Throughout that process, people are using their home computer, smartphone and other devices to look at their options and ultimately book travel. Each phase provides key moments to speak with travelers, and brands must be ready.
“The most important trend over the next few years is [customer] journey mapping – understanding the customer, taking them through a journey and making sure the content that we are providing them is engaging and relevant, and it creates a conversation,” notes Road Scholar vice president of marketing, Steve August.
Gaining a competitive advantage
Traditionally, intent data issued by marketers during the planning phase of the traveler’s journey; it represents a chance to identify qualified, actively-engaged travelers and is imperative to the messaging strategy.
However, at that point brands end up engaged in the most crowded and ferocious battle against their competitors to secure bookings with these travelers.
I regularly speak with travel marketers who struggle to align intent data with an overall strategy and asa result, feel they are losing share to their competitors – and they are.

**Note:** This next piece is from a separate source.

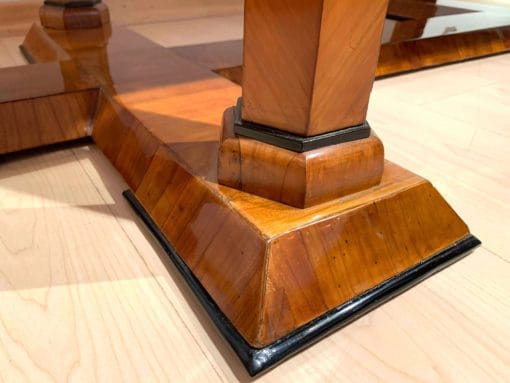 Neoclassical Biedermeier Desk - Base Foot Detail - Styylish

Brands that can integrate intent data with deep consumer insights—including past purchases and site activity and behavior — to create a complete traveler profile will have a clear competitive advantage.
Here’s why.
Complete traveler profiles give brands the opportunity to show they truly know their customers. It’s not enough to understand where a travel is in their journey.

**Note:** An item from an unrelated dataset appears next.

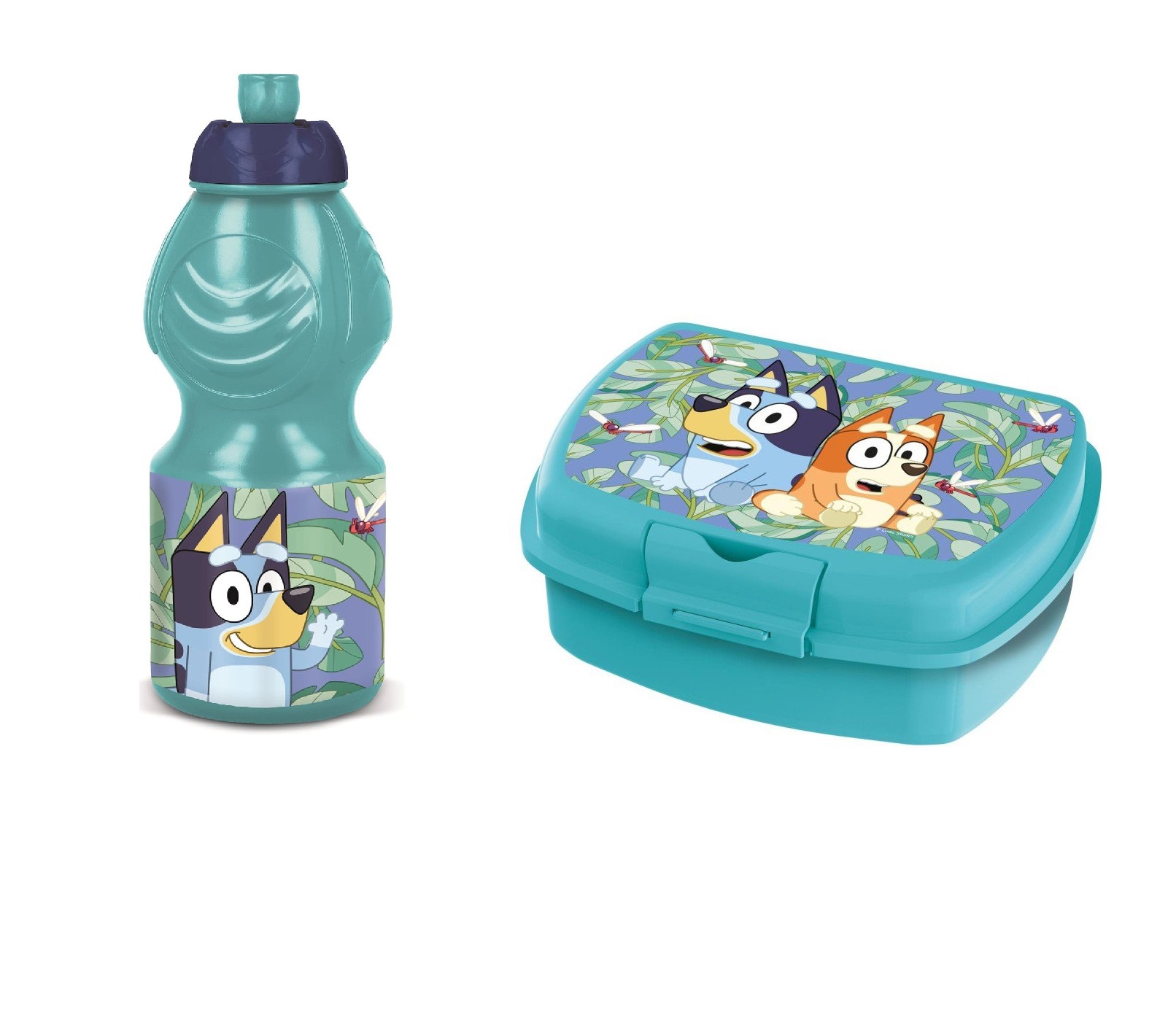 BLUEY LUNCH SET WATER BOTTLE SANDWICH SNACK BOX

When intent data is layered on top of rich person-level insights and individual profiles that travel brands can create meaningful engagements to drive bookings.
John Ardis - Conversant
To break through the noise, brands must provide travelers with consistent messaging and continuity of voice every step of the way.

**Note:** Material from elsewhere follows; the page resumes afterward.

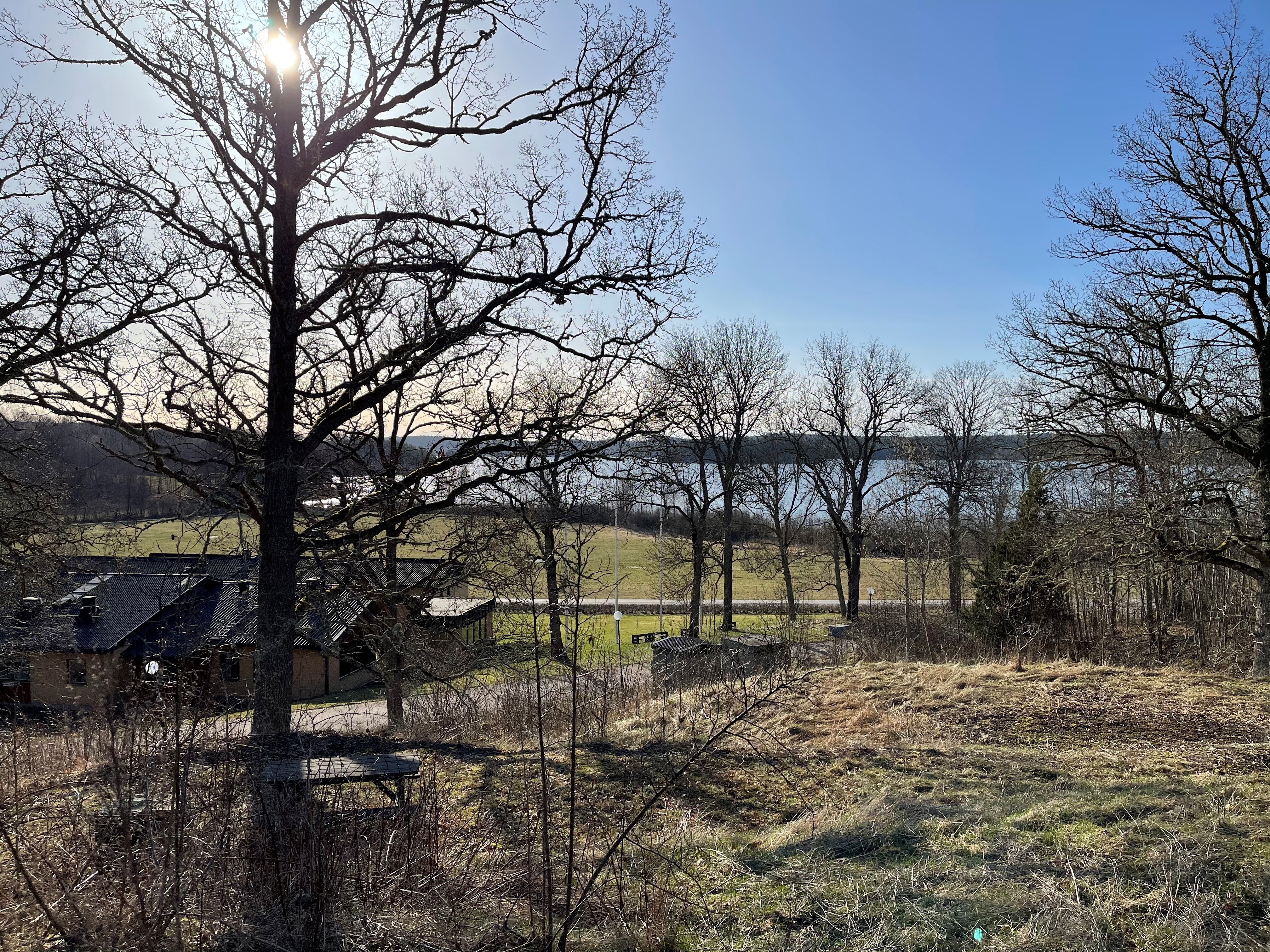 Tomt i Östergötland, Åtvidaberg kommun, Sverige, Yxnerum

By ensuring that messages are personalized in a way that appeals to traveler preferences, brands keep themselves top of mind for travelers while their competitors are simply executing against intent data only.
Brands that fail to centralize and execute against complete traveler profiles miss opportunities to build relationships. The alternative approach, bombarding people with generic ads, is antiquated and risks alienating brands from travelers who expect personalized experiences.
I’ve always equated the use of intent data with search marketing. Search fulfils demand that’s already there. It’s a reaction to people who have already raised their hand.
The same is true for the use of intent data in marketing. Both can only provide so much scale.
Therefore, marketers can complement intent data with historical travel spend data at the individual level to create demand at scale and move known travelers into the dream stage of their journey.
Once a person moves to the planning and booking stages, your brand is already top of mind and gets the traveler booked before the competition even knows they’re in-market.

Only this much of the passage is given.